Every single time, I opened the gate to feed the herd in the morning  that old  mare would run anyone over that got in her way, including me.    I only had her a few weeks,  but I still had not found the time to re-train her to be more respectful of her handlers.

I had brought the old mare from a breeding farm and the only thing she knew was food and babies.   I had got it into my mind that she was just too old to change and that the effort would just take too much time.

Pam, my neighbor can over early one morning for coffee after which we both headed to the barn to do some chores.   There was that old mare just waiting for someone to open that gate.   Pam never knew what hit her.  The second  Pam opened that gate,  that old mare knocked her clean off her feet, before I could even  get a word out of my mouth for her to watch out.

Pam,  got back on her feet and came nose to nose with me, asking me what the heel I was doing not teaching that mare a few barn manners.

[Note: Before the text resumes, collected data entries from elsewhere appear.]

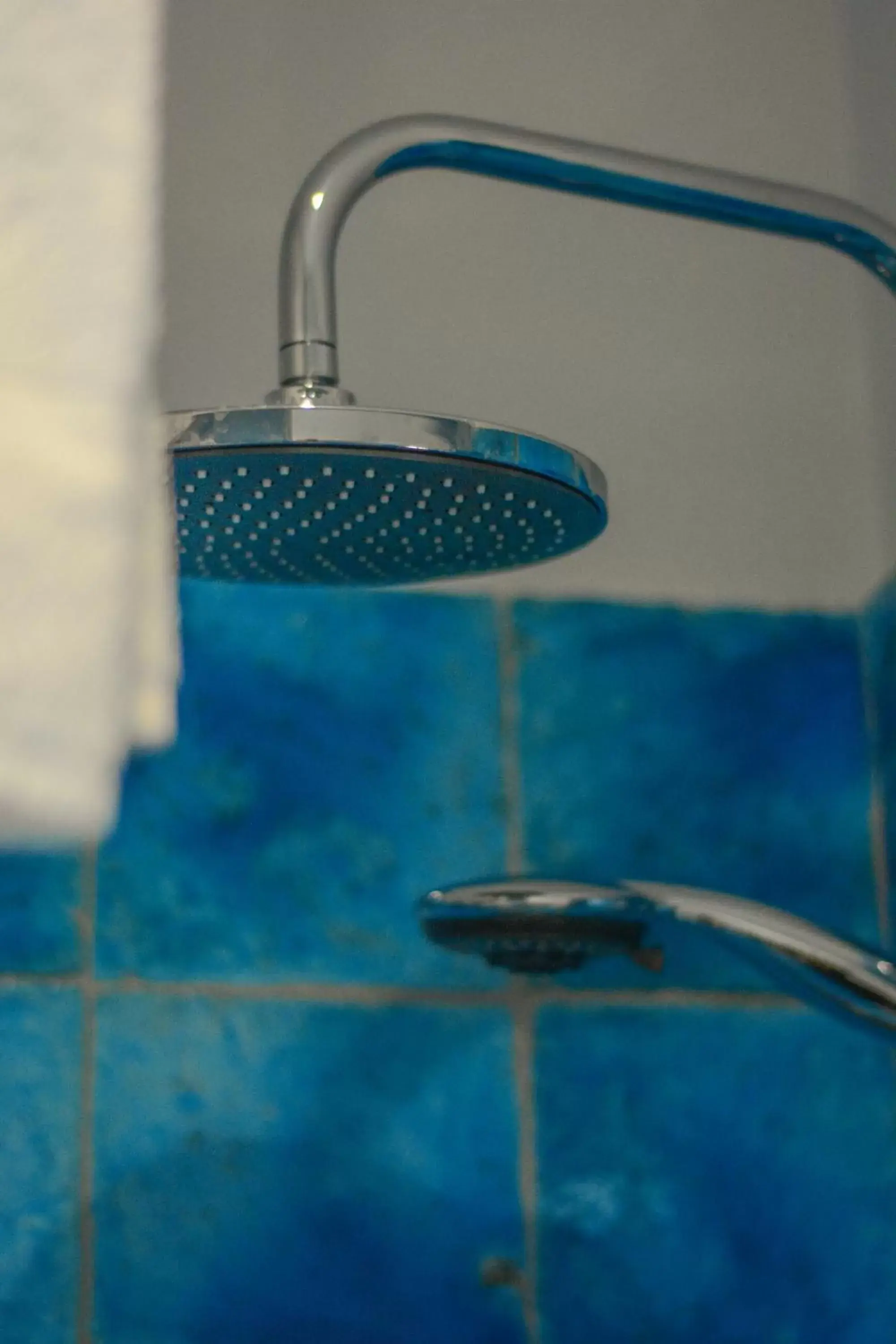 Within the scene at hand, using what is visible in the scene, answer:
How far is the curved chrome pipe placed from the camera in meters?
0.57

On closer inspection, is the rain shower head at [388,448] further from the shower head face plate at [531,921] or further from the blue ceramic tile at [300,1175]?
the blue ceramic tile at [300,1175]

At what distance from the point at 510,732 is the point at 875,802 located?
21 centimetres

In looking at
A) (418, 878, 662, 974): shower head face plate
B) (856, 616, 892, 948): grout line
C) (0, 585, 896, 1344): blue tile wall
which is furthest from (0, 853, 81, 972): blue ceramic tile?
(856, 616, 892, 948): grout line

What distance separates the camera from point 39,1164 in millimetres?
689

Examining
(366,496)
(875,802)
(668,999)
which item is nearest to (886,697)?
(875,802)

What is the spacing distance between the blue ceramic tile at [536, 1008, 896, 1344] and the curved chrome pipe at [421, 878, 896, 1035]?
18 cm

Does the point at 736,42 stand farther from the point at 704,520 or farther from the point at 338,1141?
the point at 338,1141

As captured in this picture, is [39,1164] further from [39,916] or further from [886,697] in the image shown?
[886,697]

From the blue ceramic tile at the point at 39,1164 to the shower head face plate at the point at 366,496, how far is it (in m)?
0.25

It did get pretty loud for a few minutes.

But she was right, I should have found the time.   I find it extremely easy at times, to talk myself out of doing things I know might be difficult, but still need to be done.

It seems at times, I would prefer to have less of a life and be lazy, then to grit my teeth and forge my way through the problem.   Why do you think we settle for less in our lives than we are truly capable of becoming?

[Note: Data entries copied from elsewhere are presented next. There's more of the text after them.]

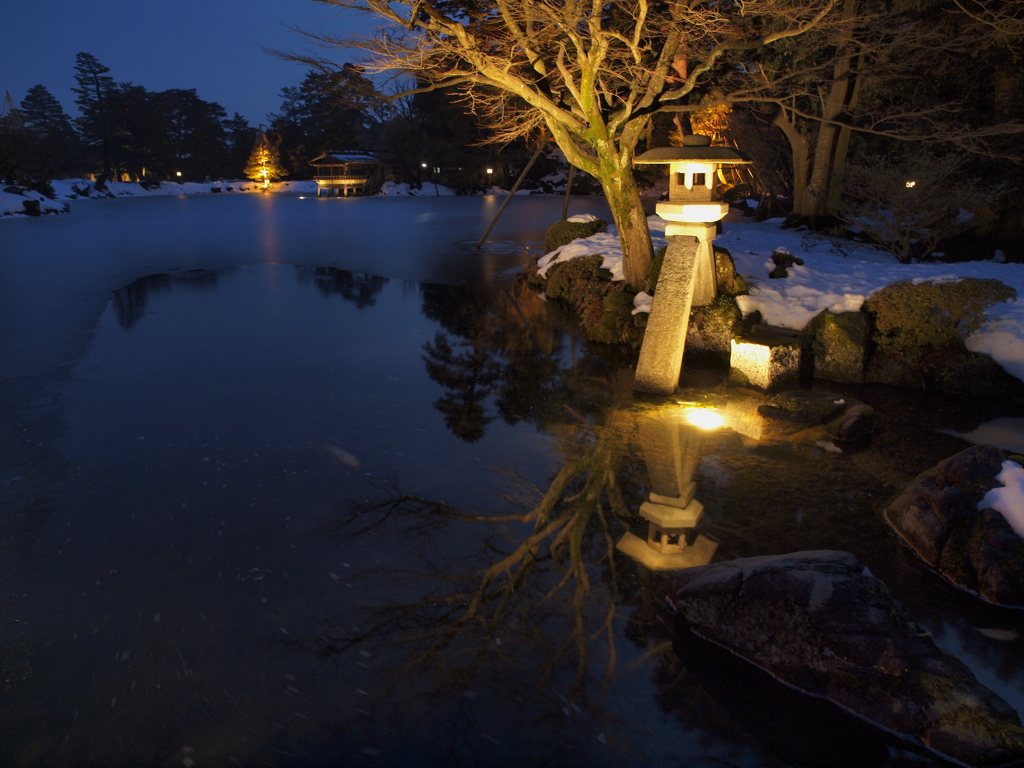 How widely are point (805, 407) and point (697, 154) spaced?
3.57m

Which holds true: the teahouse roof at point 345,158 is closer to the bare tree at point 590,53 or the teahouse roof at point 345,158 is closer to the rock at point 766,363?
the bare tree at point 590,53

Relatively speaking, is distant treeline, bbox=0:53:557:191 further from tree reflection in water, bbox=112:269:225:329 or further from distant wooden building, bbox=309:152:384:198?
tree reflection in water, bbox=112:269:225:329

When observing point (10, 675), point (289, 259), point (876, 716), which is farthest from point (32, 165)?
point (876, 716)

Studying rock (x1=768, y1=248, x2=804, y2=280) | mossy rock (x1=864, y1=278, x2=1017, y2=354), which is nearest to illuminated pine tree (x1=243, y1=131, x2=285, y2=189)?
rock (x1=768, y1=248, x2=804, y2=280)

Why do you think we put up with circumstances, that with some effort, focus  and inspiration we can fix and overcome?

Why do you think we wait, until the circumstance make us change?

Here is a statement that I try to remember: ”

When you have a  mountain to climb, circling your horse around the bottom won’t make it any smaller.

P.S.  From that day forward, that old mare waited her turn.

Just facing a few mountains of my own this morning.  I think I will put on some climbing boots and start heading up.    How about you?  Any ones you need to start climbing?

I do not want to wait until the circumstances in my life make me change.  It seems at those moments the lessons are always harder.

Greet the world like your horse greets you, as if there is no tomorrow.

Just start climbing and keep on being the  WHINNNNNNNNNNNNNNNNNNNY!!


Daily Oats: Food for the Horse lover’s soul

Love Roberta

Roberta Edstrom
CEO
Knot-A-Tail

You can easy  make a difference for an hungry, abused horse.    Horse memorial page.

Prizes every day for Knot-a-Tail’s April, 2010 all month-long Anniversary Bash

Visit Roberta on Facebook

Published in: on May 23, 2010 at 2:29 pm  Comments (1)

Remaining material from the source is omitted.